Document Extraction

This section covers the most directly useful high-level method in the domain:

extract_document_data(...)

If you are a module author who wants document content in a knowledge-oriented shape without manually orchestrating extractor selection, this is usually the first method to look at.

`extract_document_data(path, force_path_resolved=False, chunker_override=None, chunker_max_tokens=None, ocr_enabled=None)`¶

This method extracts structured content from a readable document path using the currently registered extractor flow.

Example:

payload = module_sdk.knowledge.extract_document_data(
    "/tmp/report.pdf",
    chunker_override="markdown",
    chunker_max_tokens=800,
    ocr_enabled=True,
)

Example with a persisted media payload:

payload = module_sdk.knowledge.extract_with_registered_extractor(
    data=module_sdk.media.view(document.media_path),
    filename="report.pdf",
)

What It Is For¶

Use this when your module wants structured document content and the source is already available as a readable local path.

Typical examples:

preprocessing an uploaded document before attaching it to a chat flow
extracting markdown and chunks from a stored PDF
building a document-summary or preview flow

This method is intentionally document-oriented. It is a convenience layer over the extractor runtime, not a generic routing primitive.

What It Actually Does¶

Under the hood, the method:

rejects legacy path-resolution mode if force_path_resolved=True
guesses the mime type from the provided path
calls sdk.extractors.extract(...)
passes a config override dict containing:
chunker
chunker_max_tokens
ocr_enabled
raises a runtime error if no registered extractor matches

That final step is important.

This method does not silently return None when no extractor is available. It converts that condition into an explicit failure because the method represents a knowledge-level expectation: if you asked to extract a document, the operation is supposed to succeed through a registered extractor.

About `force_path_resolved`¶

This flag is no longer a supported path-resolution mechanism.
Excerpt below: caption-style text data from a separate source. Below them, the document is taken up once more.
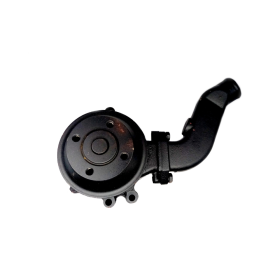 Pompa wody  YTO YTR3105G1F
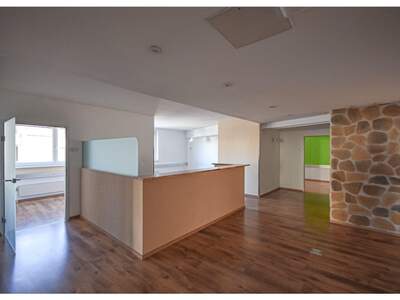 Gewerbeobjekt mieten in 1140 Wien (Bild 5)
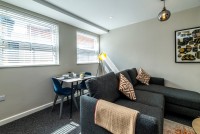 Images for The Maze, North Sherwood Street, Nottingham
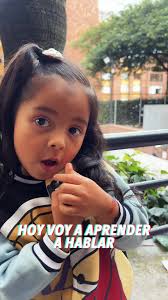 Terapias de lenguaje para #niños #salud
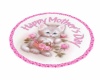 Mothers Day Rug 3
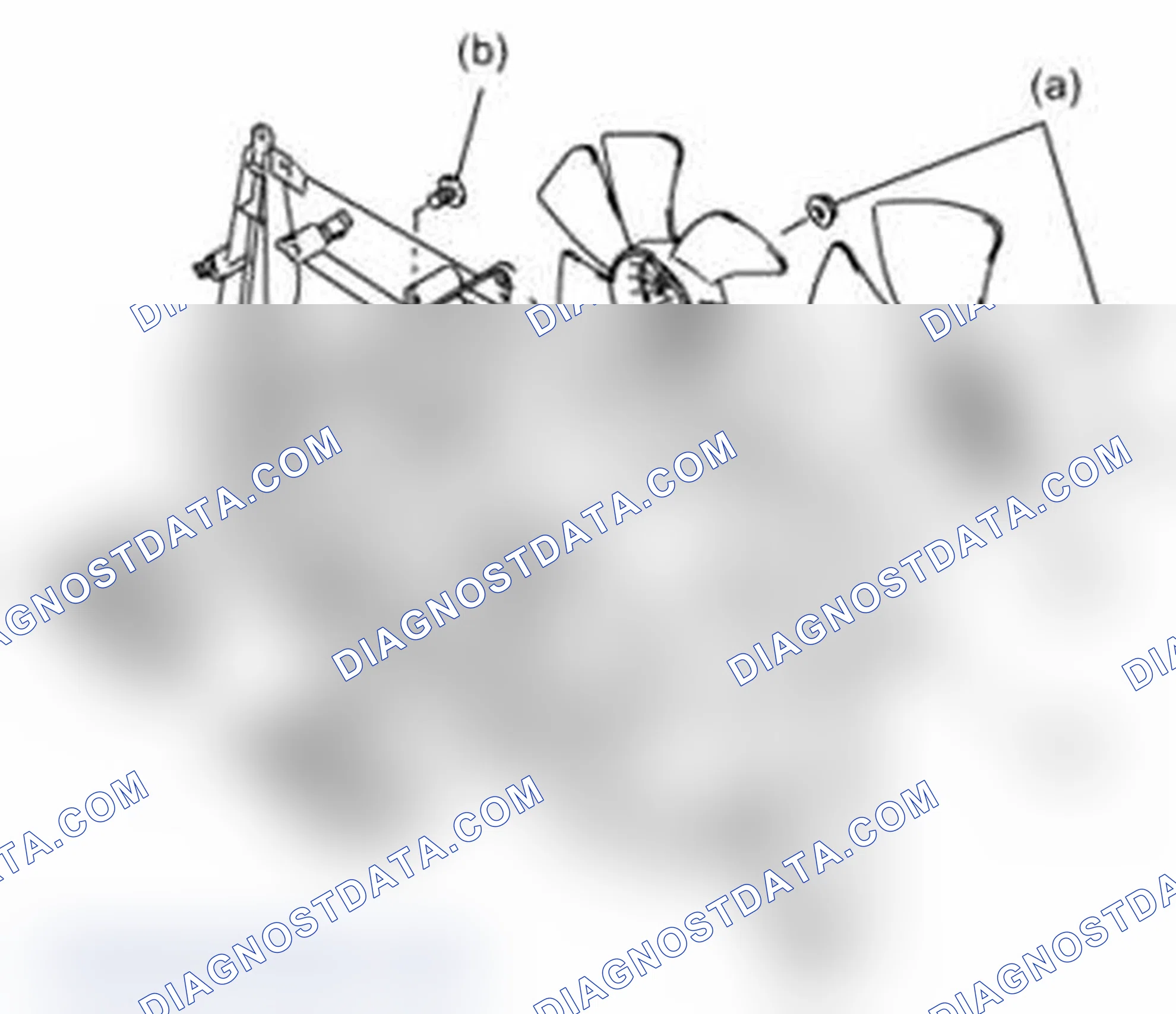 Scheme 26: Reassembly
If force_path_resolved=True, the method raises:

RuntimeError("legacy media path resolution was removed from the public SDK; rewrite this extraction flow against the new media API")

Keep the argument documented only because it is still present in the current function signature. New module code should leave it at the default False.

If your source lives in persisted media storage rather than at a readable local path, the correct pattern is to load the bytes through module_sdk.media.view(...) and call module_sdk.knowledge.extract_with_registered_extractor(...) instead.

Return Value¶

On success, the method returns the same normalized extraction payload produced by the registered extractor flow, including fields such as:

extractor_id
structure
markdown_content
chunks
index
formulas
tables
images
resolved_extractor

That means the output is still extractor-derived, but the calling style is more document-oriented.

Failure Behavior¶

If no registered extractor matches the provided path and guessed mime type, the method raises:

RuntimeError("registered_extractor_not_found ...")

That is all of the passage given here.